Action item>
An exact copy of the listing is what is needed; please output it in full.

Data shown>
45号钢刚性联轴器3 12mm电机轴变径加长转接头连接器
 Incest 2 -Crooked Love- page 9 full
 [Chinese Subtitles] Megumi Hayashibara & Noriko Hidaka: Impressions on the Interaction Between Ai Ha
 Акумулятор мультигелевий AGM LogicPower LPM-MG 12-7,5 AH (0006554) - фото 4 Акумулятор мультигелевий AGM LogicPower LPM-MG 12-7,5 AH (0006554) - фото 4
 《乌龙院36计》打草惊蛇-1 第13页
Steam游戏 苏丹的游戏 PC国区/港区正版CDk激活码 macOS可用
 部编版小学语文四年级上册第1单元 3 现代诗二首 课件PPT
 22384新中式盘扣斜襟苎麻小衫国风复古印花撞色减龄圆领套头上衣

Result of this exercise>
45号钢刚性联轴器3 12mm电机轴变径加长转接头连接器
 Incest 2 -Crooked Love- page 9 full
 [Chinese Subtitles] Megumi Hayashibara & Noriko Hidaka: Impressions on the Interaction Between Ai Ha
 Акумулятор мультигелевий AGM LogicPower LPM-MG 12-7,5 AH (0006554) - фото 4 Акумулятор мультигелевий AGM LogicPower LPM-MG 12-7,5 AH (0006554) - фото 4
 《乌龙院36计》打草惊蛇-1 第13页
Steam游戏 苏丹的游戏 PC国区/港区正版CDk激活码 macOS可用
 部编版小学语文四年级上册第1单元 3 现代诗二首 课件PPT
 22384新中式盘扣斜襟苎麻小衫国风复古印花撞色减龄圆领套头上衣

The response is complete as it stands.